Sermon and Prayers


EQUIPPED FOR THE WORST

Psalm 138; Isaiah 6: 1-8; Luke 5: 1-11


I want to start with a text and a newspaper headline. The text is in Psalm 138, and verse 7. "Though I walk in the midst of trouble, you preserve me." The newspaper headline is from THE AGE of January 7, the day I began drafting this. "Defiant to the end, the master captain goes out swinging." A propos the latter, TV personality Mikey Robins had a quirky feature in the same day's 'A3' (the tabloid-sized part of the AGE) canvassing the idea of sainthood for Steve Waugh! That can wait for another day.

Meanwhile, would you note the rough similarity between the text and the headline. I've no idea where Mr Waugh stands in respect to what we celebrate here, but in each case we're talking about someone who comes up well despite the odds. And that is what it's all about this morning.

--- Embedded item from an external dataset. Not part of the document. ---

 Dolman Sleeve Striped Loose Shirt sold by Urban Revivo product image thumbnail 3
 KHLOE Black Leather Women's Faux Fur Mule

How is it that the psalmist can say "Though I walk in the midst of trouble, you preserve me"? I suggest there are three things going on here with the psalmist.

I

First, he has a no-nonsense view of the world. He knows that life is a mix of advance and retreat, triumph and tragedy, victory and defeat, good experiences and bad, ups and downs, healings and hurts. He doesn't say "Where did all that bad stuff come from?' or "Why does this happen to a nice bloke like me?" or "How can I go on in the face of all this?" He accepts that trouble is part of life; that walking 'in the midst of trouble' will be everyone's experience. He's not clinging to irrational beliefs about how the world should be, or must be, if he's to stay aboard it. He knows the world is an untidy place, with plenty of 'ragged edges' as John Polkinghorne, renowned physicist and Anglican priest, puts it.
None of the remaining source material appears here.